ABOUT THIS EXERCISE: What are the lines, word for word, from the line with "So then you" up to and including the line with "Now we have" in the records below? Omit the pictures.

ENTRIES SHOWN:
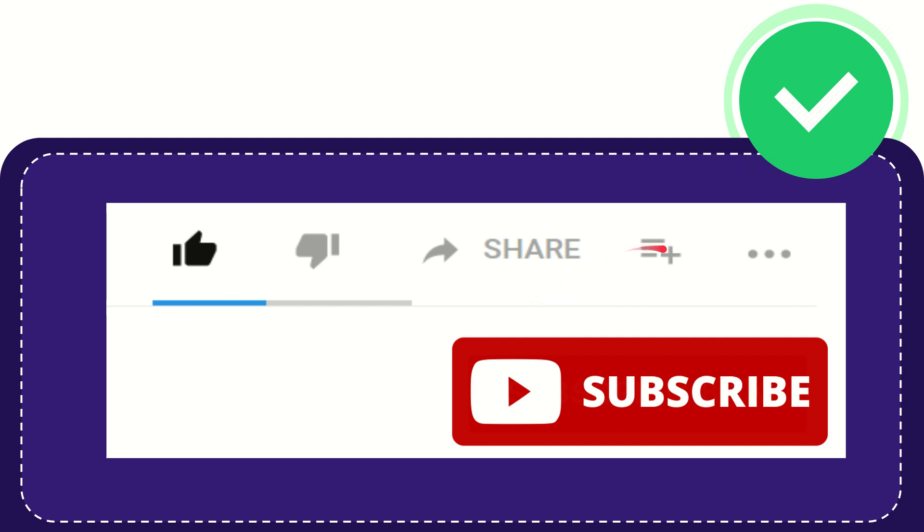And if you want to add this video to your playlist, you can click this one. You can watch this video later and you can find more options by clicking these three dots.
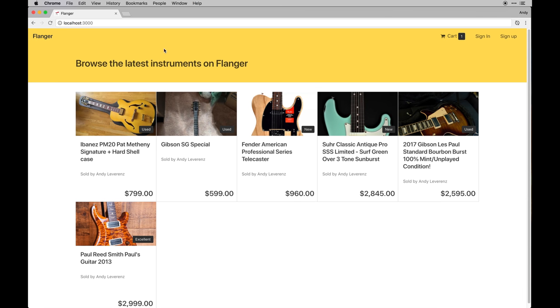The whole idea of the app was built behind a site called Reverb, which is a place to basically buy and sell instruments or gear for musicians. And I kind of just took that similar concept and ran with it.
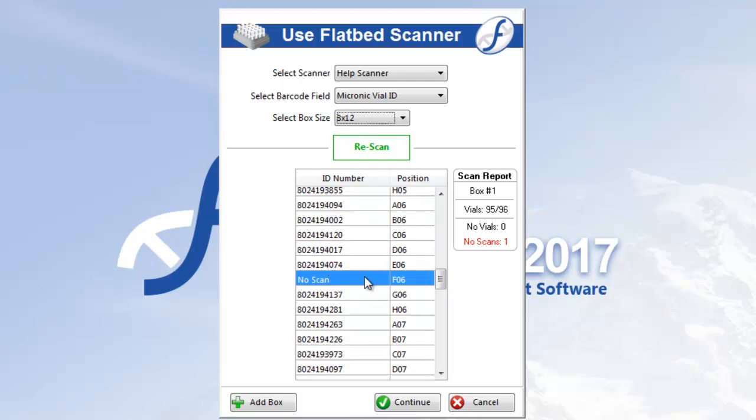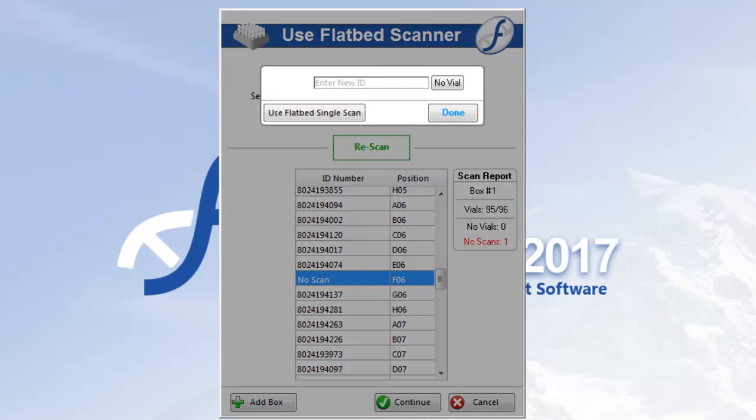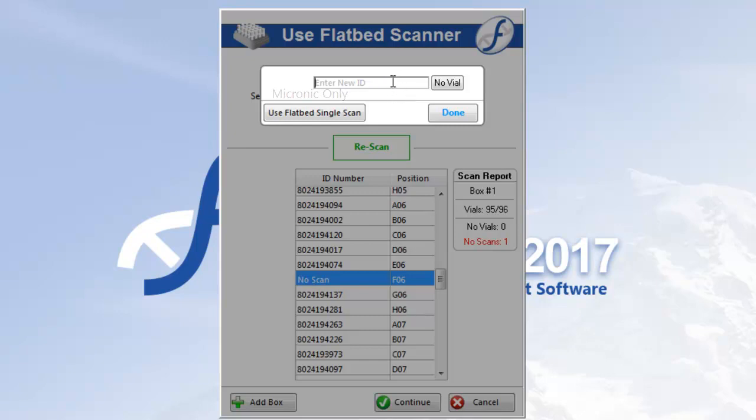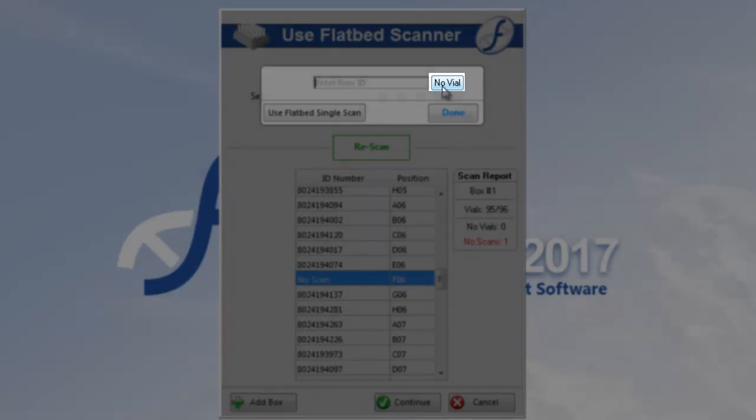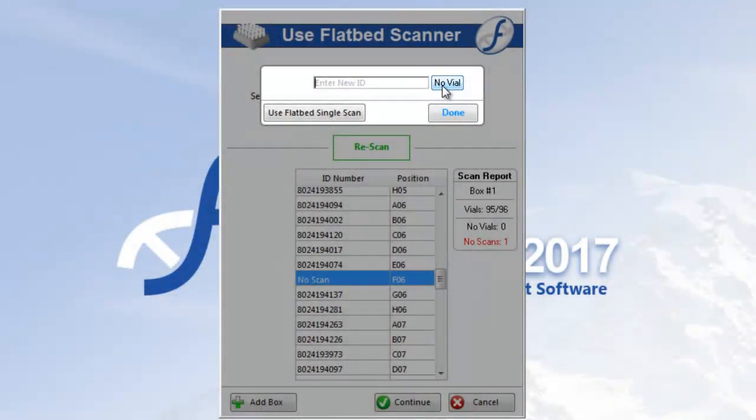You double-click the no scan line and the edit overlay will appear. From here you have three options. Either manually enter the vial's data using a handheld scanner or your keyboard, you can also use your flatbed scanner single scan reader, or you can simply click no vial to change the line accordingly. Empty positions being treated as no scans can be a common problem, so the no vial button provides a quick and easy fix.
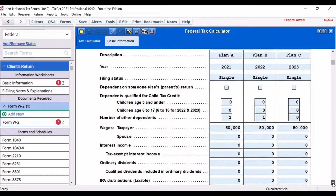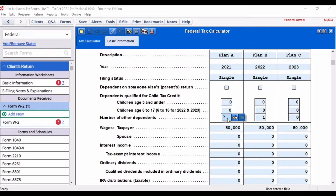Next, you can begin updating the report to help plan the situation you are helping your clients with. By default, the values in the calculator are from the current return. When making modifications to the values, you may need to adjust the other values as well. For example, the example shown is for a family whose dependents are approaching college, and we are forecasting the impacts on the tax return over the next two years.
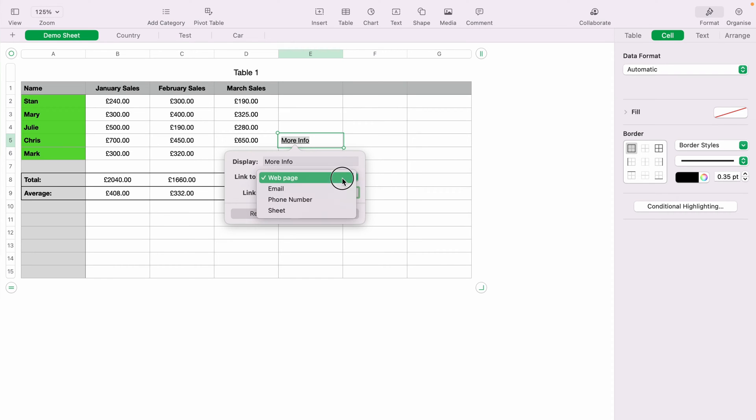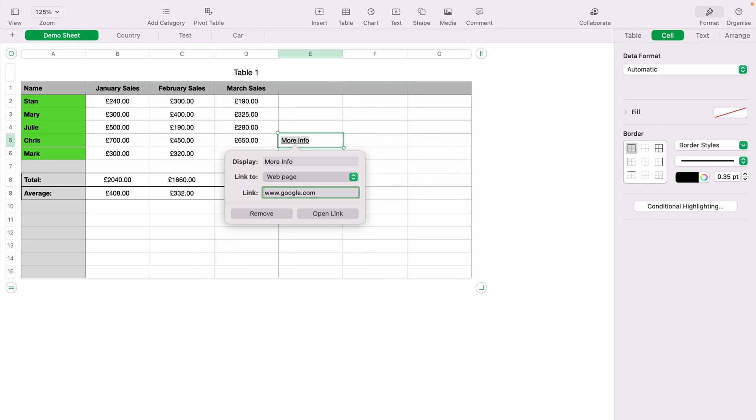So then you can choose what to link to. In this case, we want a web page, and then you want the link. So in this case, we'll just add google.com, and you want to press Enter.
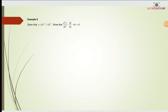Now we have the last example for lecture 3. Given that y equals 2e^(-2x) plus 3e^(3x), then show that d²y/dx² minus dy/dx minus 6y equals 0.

* * *

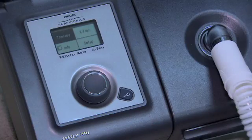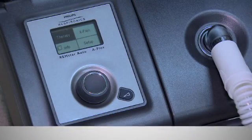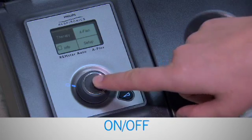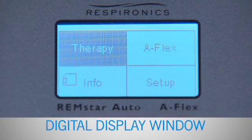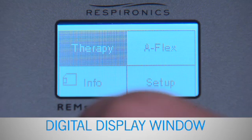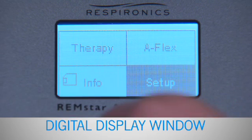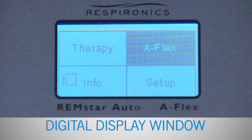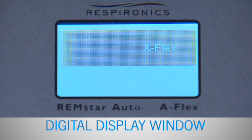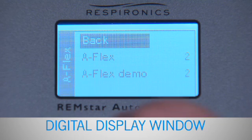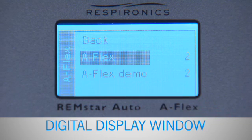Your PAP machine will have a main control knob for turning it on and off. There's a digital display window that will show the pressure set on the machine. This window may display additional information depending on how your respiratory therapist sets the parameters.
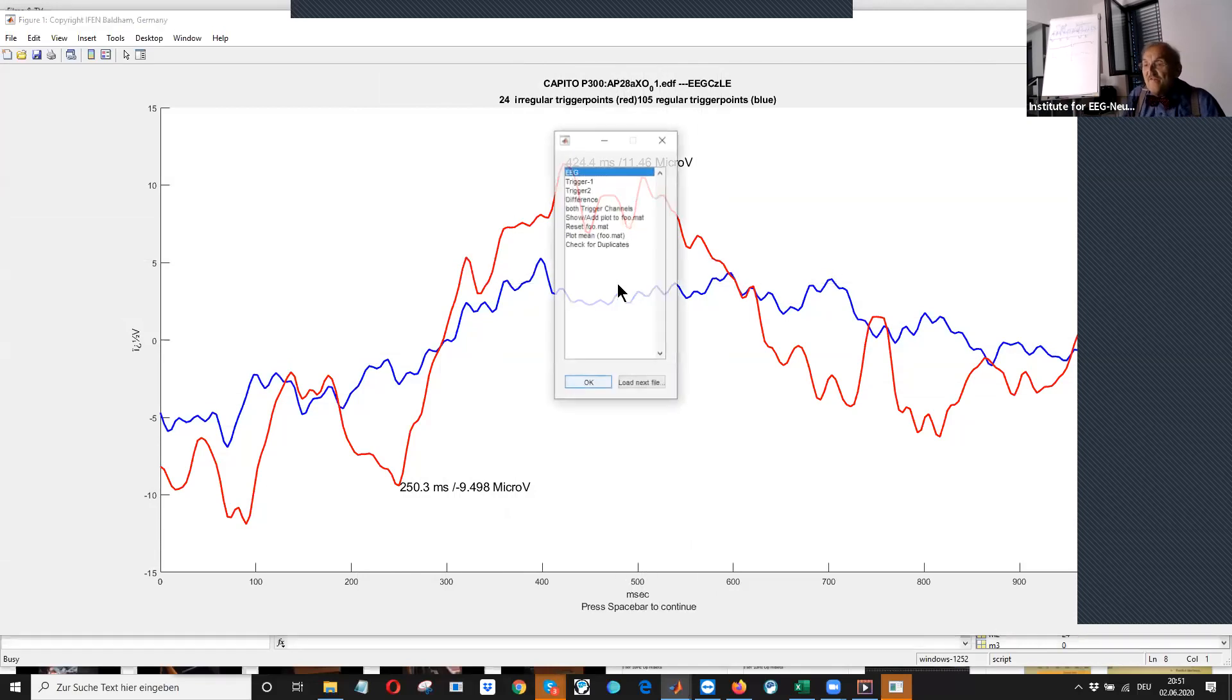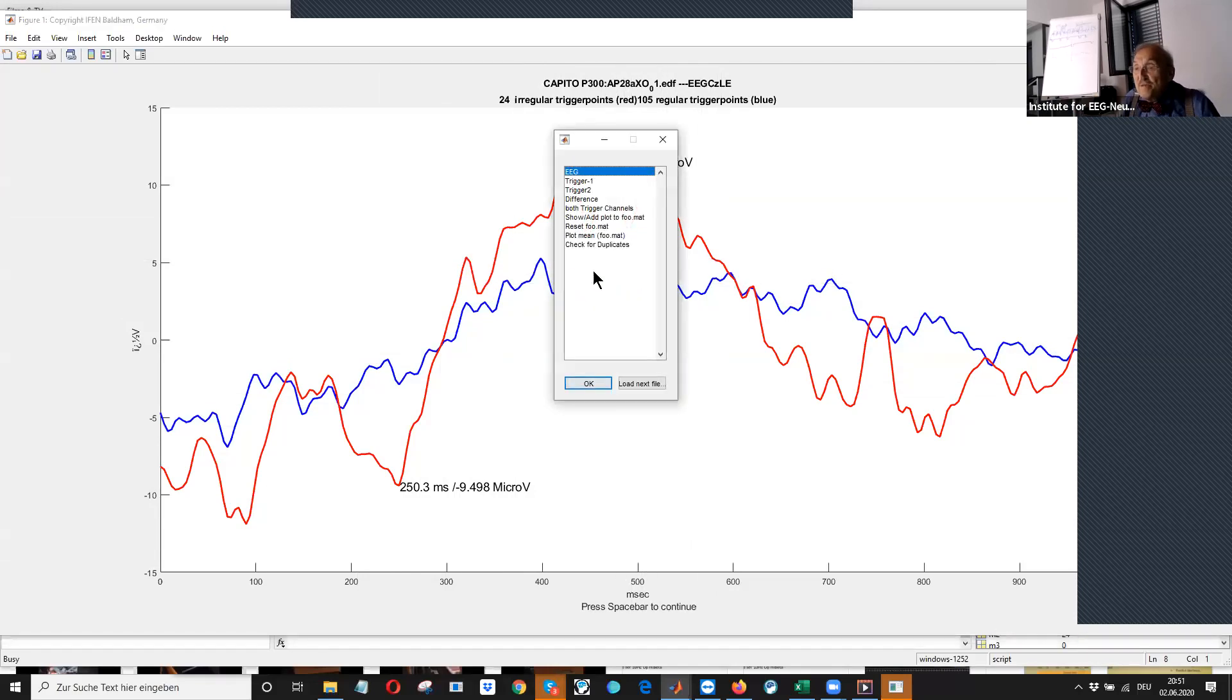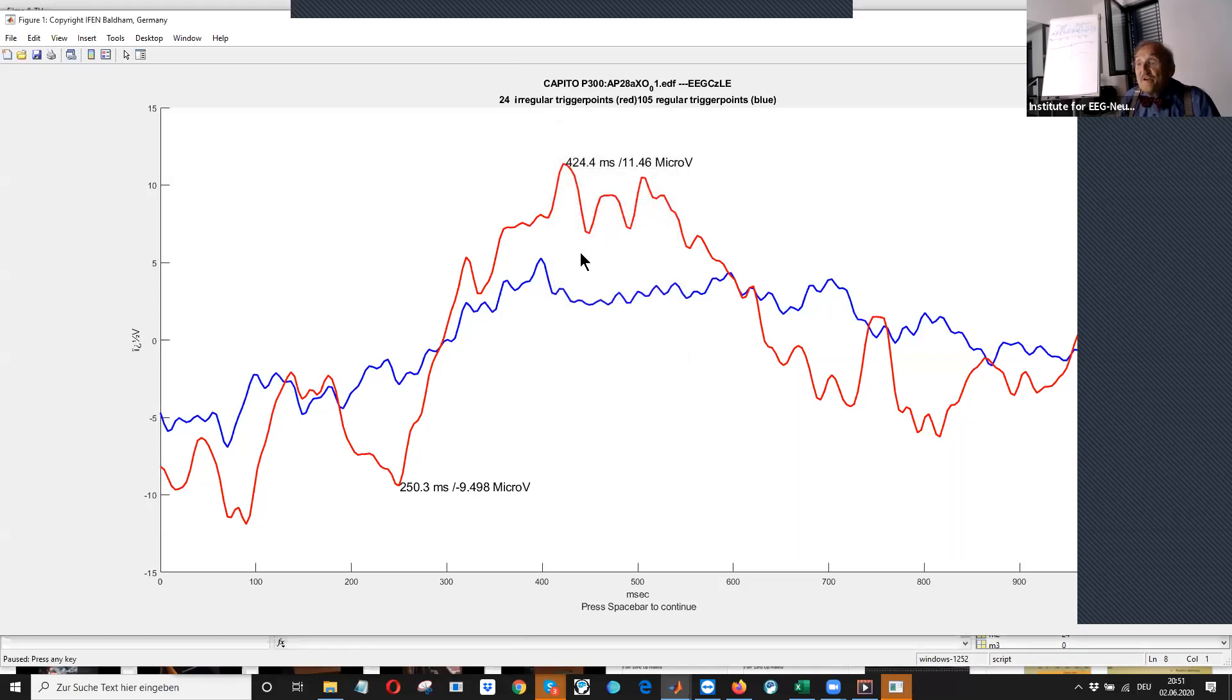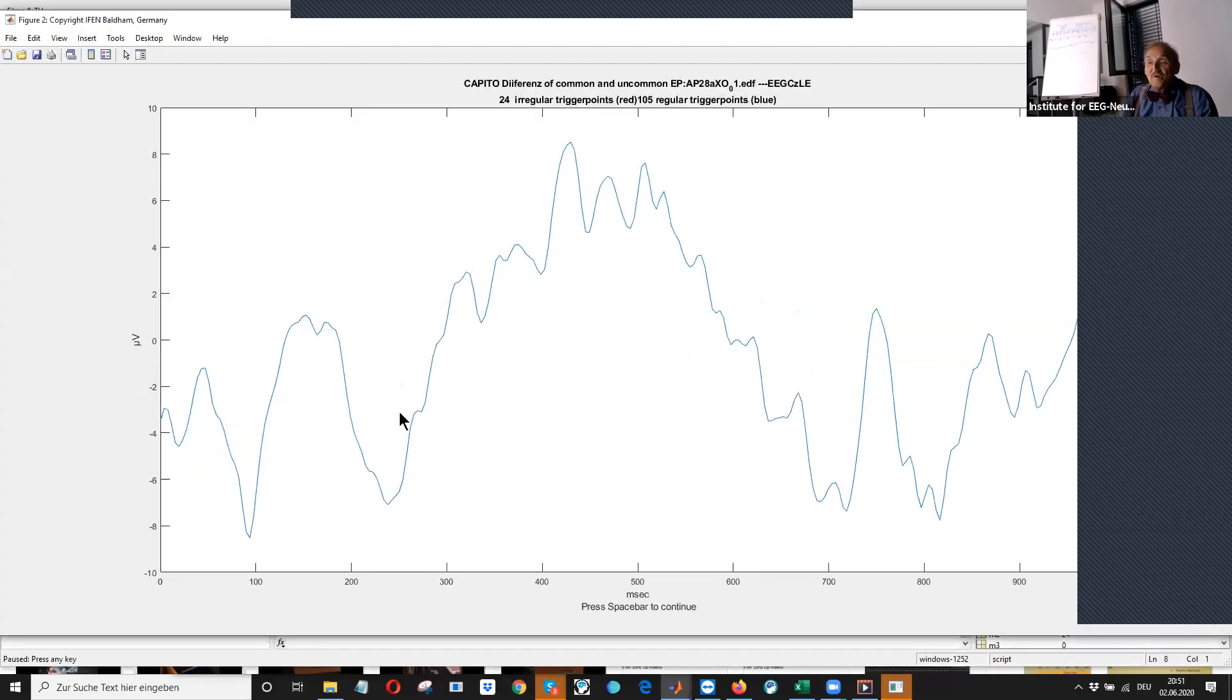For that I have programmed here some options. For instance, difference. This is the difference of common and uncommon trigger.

RESPONSE TO THIS EXERCISE:
So then you can choose what to link to. In this case, we want a web page, and then you want the link. So in this case, we'll just add google.com, and you want to press Enter.
Now we have the last example for lecture 3. Given that y equals 2e^(-2x) plus 3e^(3x), then show that d²y/dx² minus dy/dx minus 6y equals 0.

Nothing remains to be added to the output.